For our anniversary, she bought me a hollowing tool. For my birthday, a laser guide attachment to go with the hollowing tool.


 

Oh, and tiramisu for breakfast

Reactions: Like 4 | EyeCandy! 1 | Way Cool 1


----------



## Schroedc (Mar 28, 2015)

Dang, your wife sure loves you!

I'll be interested in a review of the laser system once you've used it a bit


----------



## duncsuss (Mar 28, 2015)

Schroedc said:


> Dang, your wife sure loves you!


Yep! I've had her 20 years now, I think I'll keep her 

I've got to finish off a commissioned pen before I get started with the hollowing guide, but I will post as soon as I have some experience with it.


----------



## Schroedc (Mar 28, 2015)

duncsuss said:


> Yep! I've had her 20 years now, I think I'll keep her



If you decide you don't want her I'm sure there are a number of us here who would be interested in a trade

Reactions: Funny 5


----------



## duncsuss (Mar 28, 2015)

Schroedc said:


> If you decide you don't want her I'm sure there are a number of us here who would be interested in a trade


I got a screen grab of that ... too late to delete the post now. You are in big trouble

Reactions: Agree 2 | Funny 4


----------



## manbuckwal (Mar 28, 2015)

duncsuss said:


> I got a screen grab of that ... too late to delete the post now. You are in big trouble



Great blackmail material right there

Reactions: Agree 1


----------



## SENC (Mar 28, 2015)

And I'm looking forward to a review of the tiramisu.

Reactions: Agree 2


----------



## duncsuss (Mar 28, 2015)

SENC said:


> And I'm looking forward to a review of the tiramisu.

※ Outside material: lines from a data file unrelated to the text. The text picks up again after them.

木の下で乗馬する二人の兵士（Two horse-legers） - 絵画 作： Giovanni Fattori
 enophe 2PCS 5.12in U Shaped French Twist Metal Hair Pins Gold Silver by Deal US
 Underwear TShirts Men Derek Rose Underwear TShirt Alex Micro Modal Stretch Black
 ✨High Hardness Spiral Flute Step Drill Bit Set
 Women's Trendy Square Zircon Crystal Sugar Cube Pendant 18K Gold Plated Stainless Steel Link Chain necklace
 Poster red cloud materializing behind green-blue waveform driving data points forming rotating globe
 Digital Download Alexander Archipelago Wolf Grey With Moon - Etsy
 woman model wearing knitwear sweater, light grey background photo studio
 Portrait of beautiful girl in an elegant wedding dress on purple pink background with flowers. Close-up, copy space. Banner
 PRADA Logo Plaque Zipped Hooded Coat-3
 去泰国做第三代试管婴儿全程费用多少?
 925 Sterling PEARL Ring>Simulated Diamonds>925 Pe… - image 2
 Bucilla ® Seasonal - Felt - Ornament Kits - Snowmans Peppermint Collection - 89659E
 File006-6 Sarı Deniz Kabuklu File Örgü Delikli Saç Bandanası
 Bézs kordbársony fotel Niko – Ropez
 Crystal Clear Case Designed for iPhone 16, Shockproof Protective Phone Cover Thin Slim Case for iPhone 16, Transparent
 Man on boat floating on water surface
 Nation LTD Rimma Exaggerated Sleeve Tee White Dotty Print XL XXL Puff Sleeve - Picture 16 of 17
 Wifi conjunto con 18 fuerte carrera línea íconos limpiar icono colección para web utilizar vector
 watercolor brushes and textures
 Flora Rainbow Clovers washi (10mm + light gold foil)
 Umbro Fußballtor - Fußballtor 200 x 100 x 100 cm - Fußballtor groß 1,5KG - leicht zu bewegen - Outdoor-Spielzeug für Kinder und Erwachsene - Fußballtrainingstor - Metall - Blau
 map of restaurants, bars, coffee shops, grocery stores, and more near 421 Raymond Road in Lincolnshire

Henry, I told her that small dish wasn't enough for me to form a complete opinion. No worries -- there's a second one in the fridge for dinner

Reactions: Like 1


----------



## Karl_99 (Mar 28, 2015)

Life is good!!!

Reactions: Agree 1


----------



## gman2431 (Mar 28, 2015)

SENC said:


> And I'm looking forward to a review of the tiramisu.



I was more interested in a build thread... Then I could give it to the wife!

Reactions: Like 1 | Agree 1 | Great Post 1 | Funny 1


----------



## MikeMD (Mar 29, 2015)

You wife is the BEST! Forget the tools...you got dessert for breakfast!!!!!!!!

Reactions: Like 1 | Agree 2


----------